Title: Cavern Girl, a memoir
Word Count: 2,154


It’s been thirty years at least since I’ve seen my father. I only think about him on Father’s Day, around the holidays, especially Thanksgiving because of the Feed the Homeless Walk, and during extremes temperatures because I often wonder if he’s safe.

It gets cold in the city and I’m always thinking about the less fortunate. Growing up homeless people were everywhere.

Once when my sister and brother were walking home we passed a group of drunks. And I don’t know what they said to get my sister to give them her scarf, but she did. It’s funny thinking back on it. My mother always adds how she went back to the liquor store on the corner where they were and snatched her scarf from the drunk’s head. My mother was gangster. She had no problem standing up for herself.

My children haven’t met my father. They don’t understand and the conversation always start off with, “Can we go see him? Can you call him? How does he look? Is he Indian? Do you look like him? Where is he?

And I always say, “No, because I don’t know where he lives. Last I heard, he lived uptown. He used to live on Pennsylvania Avenue. And I’d see him years ago when I went to H Street. He’s an addict.

They’d ask, “Can you call your Aunt, maybe she knows where he is.”

“I don’t talk to her either. Last I heard, she lost her house and she’s doesn’t keep in touch. I saw my cousin Tasha and she changed her number soon after giving it to me at the Giant.”

“What you mean she changed her number.”

“She changed her number. I saw her on a Saturday. A week later I reached out and the number wasn’t working. I don’t think she wanted to keep in touch. Maybe she felt some kinda way because they weren’t in the house anymore.

“What you mean?”

“When people go through things and they’re accustomed to living one way and then they’re living in their opinion, below their standards, they don’t want anyone to come around.”

I really want to see my dad thought. I want to see how he looks. I want to look in his eyes and see what he has grown to be. I want to be proud, so I picture him well-groomed, with a smile from the inside out. He’d be the man my mother fell in love with—my oldest brother’s reflection. I try to remember his eyes, which thirty years removed never looked down.

Wishing away my father’s story used to be something I daydreamed about, but not so much now. I am open to accepting him as smelly. A poster-child for Washington, D.C.’s homeless population and mentally ill.

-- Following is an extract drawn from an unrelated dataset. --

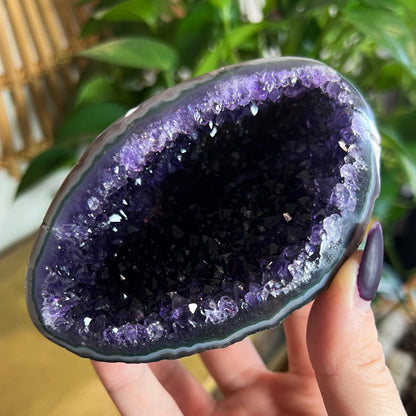 Amethyst Geode Cave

A part of me is curious to know what he eats for breakfast, lunch, and dinner. Does he sleep in a comfortable bed or in one of those tents the city donates? Is his blankets clean? Does he speak about his life, even though I know that his memories will not resemble my own? Am I a worthwhile character in his stories to his friends or strangers? 

I hope he screams out my name if he is like the rambling mentally ill I’ve encountered on the city streets. Or like the subway preacher who in her mind preaches to her congregation. I want my father to be radical for me. Whooping and hollering my name like how the subway preacher calls on Jesus. 


I saw him the eyes of every homeless person that asked me for money. He always stared back at me with apologetic eyes, begging me for something I didn’t have—love, money, forgiveness, and understanding. Hope is what I had to offer, one day you’ll get better. I can’t recall how I envisioned my life to look with him in it. If I had to guess, my father would do the things my grandfather did like go to work and return home in the evening to the biggest piece of chicken and retire to bed behind the pocket doors until tomorrow.

I prayed for my father to get better and by better I meant, he wouldn’t smell and his mind didn’t regurgitate what he’d read in the bible. Instead, he’d have real conversations about loving me and my sister Vonetta, swinging us across puddles so that the rain didn’t soak our socks and he’d make us a snowman complete with a cigar.

At night after reciting the Lord is my shepherd, I added my father’s name to the list of people I wanted God to give special attention to. It’s this ritual that taught me that the matters of the heart are complicated. I wanted the whole time for him to want more for himself, for us, but my wanting didn’t save us in the end—it wasn’t enough. I settled for giving up on the belief that he’d get better.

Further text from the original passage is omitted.